Tak seorang pun berpikir bahwa masa-masa saling tidak percaya dan saling curiga kedua negara itu selama lebih dari setengah abad sudah berakhir lewat jabat tangan Barack Obama dan Raul Castro.

Kuba

”Kami siap berdiskusi tentang apa saja, tetapi kami harus sabar, sangat sabar,” kata Presiden Kuba Raul Castro. Obama mengakui kedua pihak sering berselisih, tetapi berharap mereka melakukannya dengan saling menghormati satu sama lain.

Menteri Luar Negeri Kuba Bruno Rodriguez, seperti dikutip Havana Times, menyebutkan, normalisasi hubungan kedua negara akan merupakan ”proses yang panjang, sulit, dan kompleks”.

Mengapa? KTT Amerika belum menyentuh hal-hal yang rinci. Rencana pembukaan kembali kedutaan besar belum ditentukan waktunya.

Setelah menggelar tiga pertemuan sejak Januari 2015, dialog kali keempat belum dapat dikonfirmasi lagi.
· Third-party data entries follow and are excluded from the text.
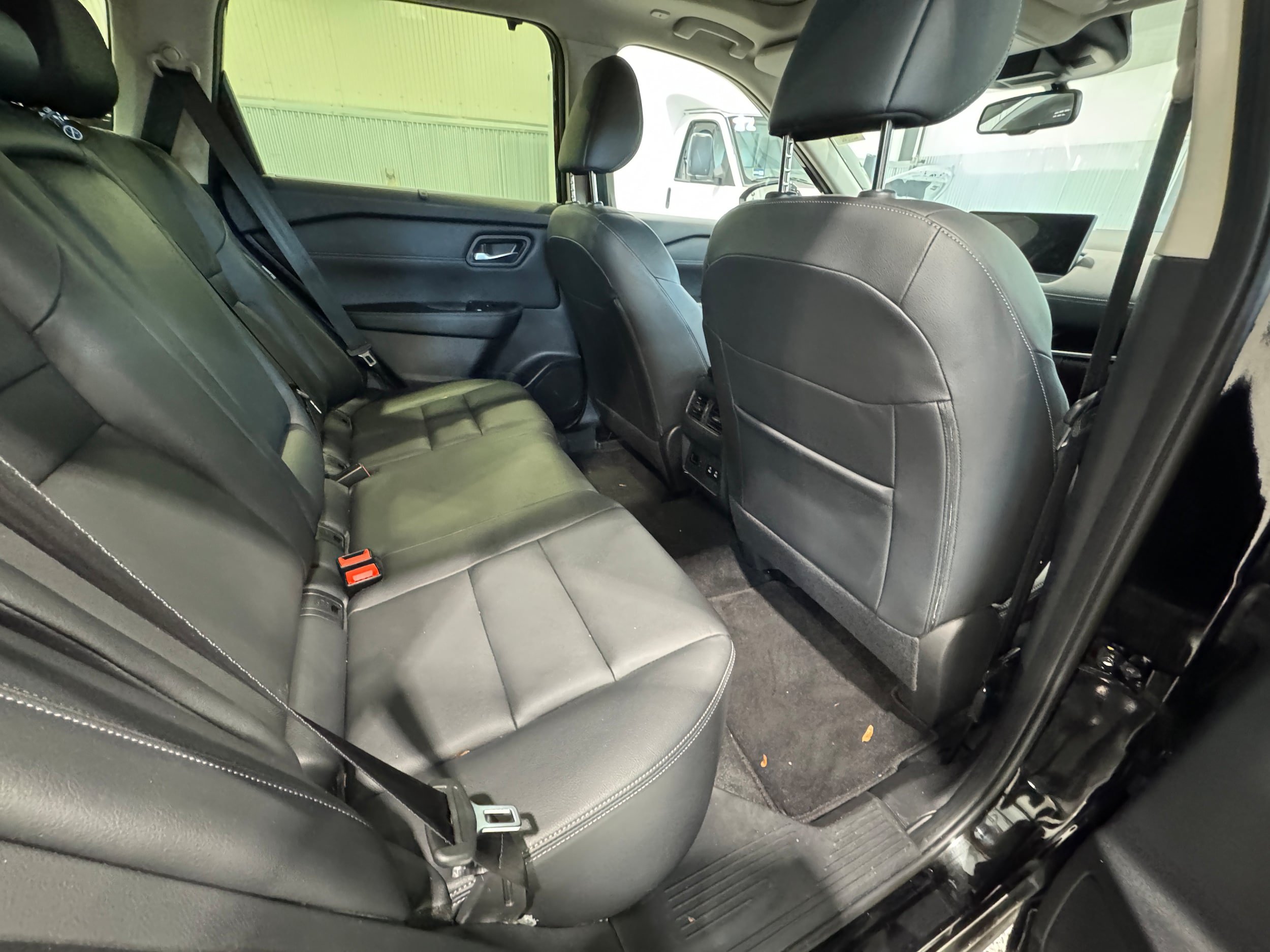 Used 2025 Nissan Rogue SL w/ Tech Package AWD/4WD image 11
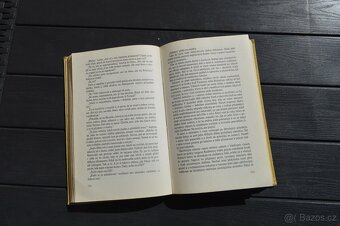 Starší vydání knih různé žánry - 17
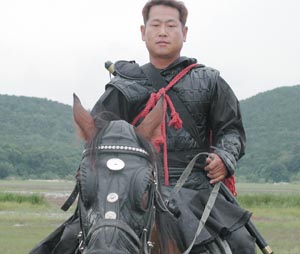 ‘티나면 죽는’ 대역들의 액션연기 뒤풀이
Dalam KTT Amerika itu, Obama juga belum menyatakan mengeluarkan Kuba dari daftar hitam negara pendukung teroris.

Kuba masuk daftar itu sejak tahun 1982. Saat ini, daftar negara pendukung teroris antara lain adalah Iran, Sudan, Suriah, dan Kuba. Gedung Putih menyatakan akan mengevaluasi daftar itu, tetapi belum memutuskannya sekarang.

Kuba juga masih menolak kembalinya Organization of American States (OAS) karena pemerintahan Raul Castro beranggapan OAS adalah instrumen dominasi Washington di negerinya.

Kuba yang selama ini menganut sistem ekonomi sosialis tampaknya membutuhkan solusi lebih cepat agar perekonomian negara itu cepat bergerak. Akibat sanksi embargo yang dilakukan Amerika Serikat terhadap negara kepulauan itu sejak tahun 1962, ekonomi Kuba bergerak lamban. Pertumbuhan ekonomi hanya 2 persen-3 persen.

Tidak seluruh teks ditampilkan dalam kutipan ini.